The endurance factor of the muscles depends on the nutritive support for the muscle-more than anything else on the amount of glycogen that has been stored in the muscle prior to the period of exercise. A person on a high carbohydrate diet stores far more glycogen in muscles than a person on either a mixed diet or a high fat diet. Therefore, endurance is greatly enhanced by a high carbohydrate diet.


Effect of duration of exercise as well as type of diet on relative percentages of carbohydrate or fat used for energy by muscles. (Based partly on data in Fox: Sports Physiology. Philadelphia, Saunders College Publishing, 1979.)
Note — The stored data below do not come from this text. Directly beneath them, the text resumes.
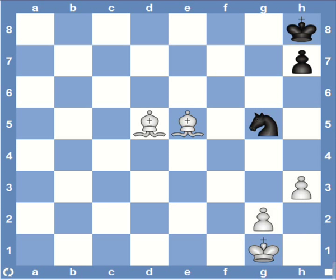Hi y'all. In today's video, I will discuss two important checkmate patterns involving the use of the bishop pair. I'll start with the Blackburn mate and then move on to the Bowden mate.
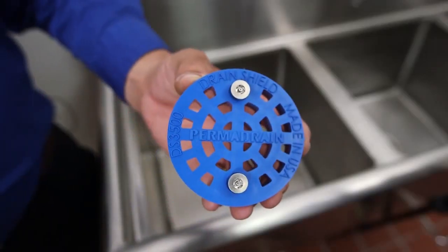This is Drain Shield. Drain Shield installs in just three easy steps: pop, drop, and lock.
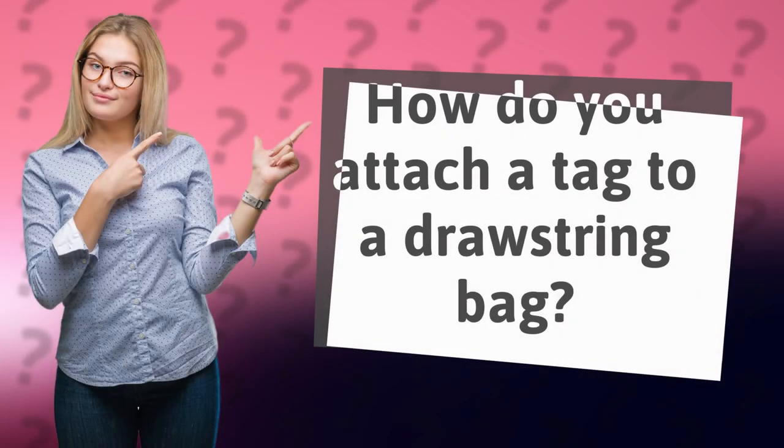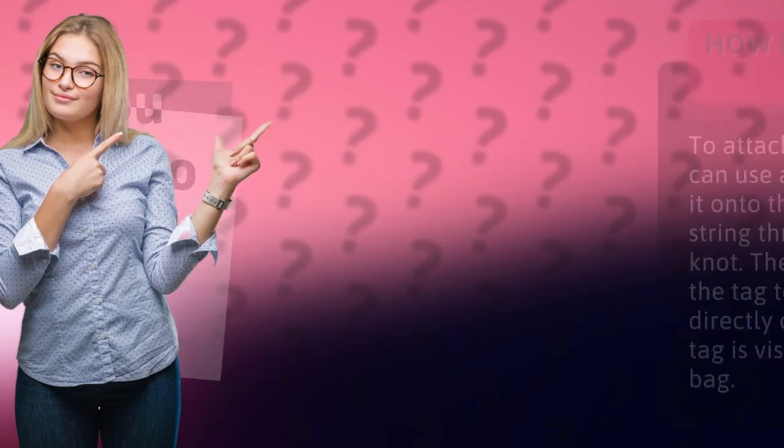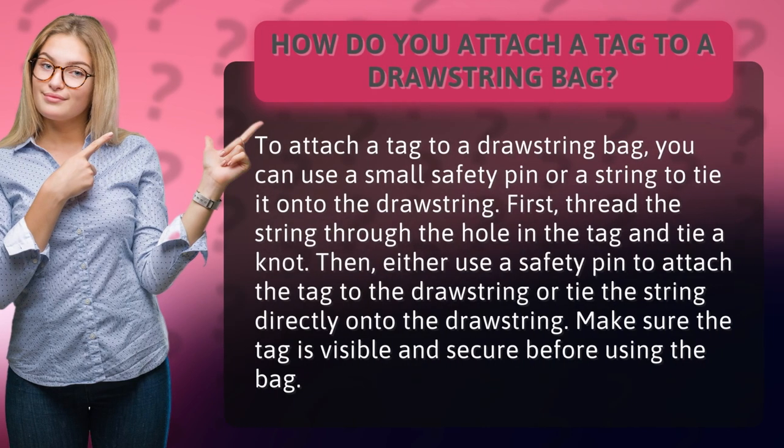How do you attach a tag to a drawstring bag? To attach a tag to a drawstring bag, you can use a small safety pin or a string to tie it onto the drawstring.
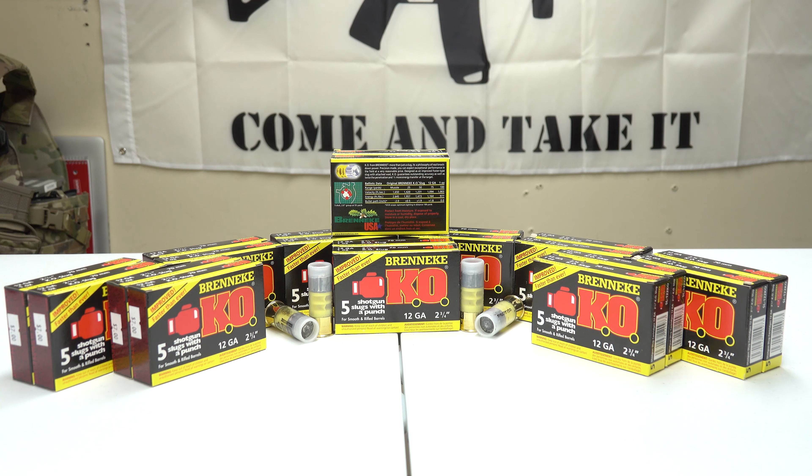Today we have some Brenneke ammunition — this is the Brenneke KO. I found out about Brenneke ammo about two years ago and it caught my interest with the power and the different types they offered. I've been searching for the past two years for it; some I was able to get right away, others I was not, and I've been slowly acquiring the different types.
Below is a comparative example of diet and the speed at which athletes run for the marathon race, their endurance as measured by the time that they can sustain the race until complete exhaustion is approximately the following:



High carbohydrate diet

240 minutes

Mixed diet

120 minutes

High fat diet

85 minutes

The corresponding amounts of glycogen stored in the muscle are approximately the following

High carbohydrate diet

33 grams/kg of muscle

Mixed diet

17.5 grams/kg of muscle

High fat diet

6 grams/dg of muscle


 

Though above, we have emphasized the need for a high carbohydrate diet and large stores of muscle glycogen for maximal athletic performance, this does not mean that only carbohydrates are used for muscle energy-it means simply that carbohydrates are by preference. Actually, the muscles often use large amounts of fat for energy in the form of fatty acids and acetoacetic acid and also use to a much less extent proteins in the form of amino acids.




Even under the best conditions, in the endurance athletic events that last longer than 4 to 5 hours the glycogen stores of the muscle become depleted and are then of little further use for energizing muscle contraction. Instead, the muscle now depends upon glucose that can be absorbed from the gut, which is limited, or upon energy from other sources, mainly from fats (as much as 50 to 80 per cent of the energy is being derived from fats rather than carbohydrates at exhaution).




Not all the energy from carbohydrates comes from the stored muscle glycogen. In many persons almost as much glycogen is stored in the liver as in the muscles, and this can be released into the blood in the form of glucose, then taken up by the muscles as an energy source. In addition, glucose solutions given to an athlete to drink during the course of an athletic (in optimal concentrations of 2 to 2.5 per cent) can provide as much as 30 to 40 per cent of the energy required during prolonged events such as marathon races.




In essence, then, muscle glycogen and blood glucose are the energy nutrients of choice for intense muscle activity. Yet, even so, for a real endurance event one can expect fat to supply more than 50 per cent of the required energy after about the first 3 to 4 hours.



Reference used : Sports physiology by Arthur C. Guyton. (Seventh Edition).